On Friday night I watched my 16 year old son sit around the kitchen table with four other friends playing board games. They were deep into play taking over the world and challenging each other. I supplied the food and drinks and they played well into the evening took a break for family dinners and came back to finish off more games.
Yes this was healthy fun, time away from the computers, televisions, cell phones and malls but more importantly there was a lot of learning and experiencing going on. Board game play for teenagers offers more than socialization, it offers experiential learning. Whether you are concurring the world, making strategic moves to stay alive, buying or selling or making and losing fortunes or even reviewing your trivia knowledge base, playing board games give teenagers the opportunity to have “almost” real life experiences.
Confucius said "tell me and I will forget, show me and I may remember, involve me and I will understand."
Experiential learning is learning through reflection on doing. It focuses on the learning process for the individual. One makes discoveries with knowledge firsthand, instead of hearing or reading the information.
Experiential learning requires no teacher and relates to the processing of the individual's direct experience. Gaining of knowledge is an inherent process that occurs naturally, but for real learning experience to occur certain elements must be present. According to David Kolb an American educational theorist, knowledge is continuously gained through both personal and environmental experiences. He states that in order to gain genuine knowledge from an experience, certain abilities are required:
- the learner must be willing to be actively involved in the experience;
- the learner must be able to reflect on the experience;
- the learner must possess and use analytical skills to conceptualize the experience; and
- the learner must possess decision making and problem solving skills in order to use the new ideas gained from the experience. University of Texas Learning Center
Playing board games is a perfect surrounding for teenagers to create this environment. As willing players, teens may be able to reflect on their experiences in a positive setting and analyze the consequences of their actions thru game play. With repeat game play, teens may utilize their past decision making and problem solving skills to improve their outcome in future games and put these new skills into real life experiences.
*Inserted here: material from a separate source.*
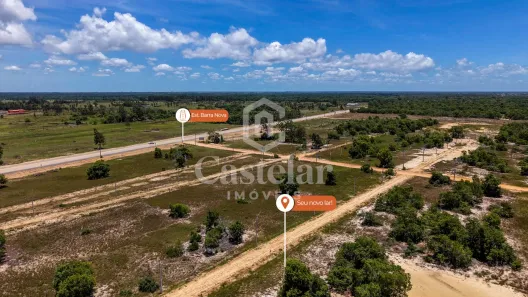 Lote/Terreno à venda, 450m² no Barra Nova, São Mateus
By selecting the right and different styles of games, teens will have a diverse selection of encounters. Experiential learning can be a highly effective educational method. It engages the learner at a more personal level by addressing the needs and wants of the individual. Experiential learning includes self-initiative and self-evaluation. New skills, new attitudes or even entirely new ways of thinking can be derived from this form of learning.
Board game play is the perfect environment for experiential learning to occur. It provides a fun learning atmosphere, with plenty of laughter and respect for the teen, and fosters an effective experiential learning environment. Encourage your teens to play with the family or with their peers. The benefits will be everlasting. Who knows they might end up working for the UN or be a future President!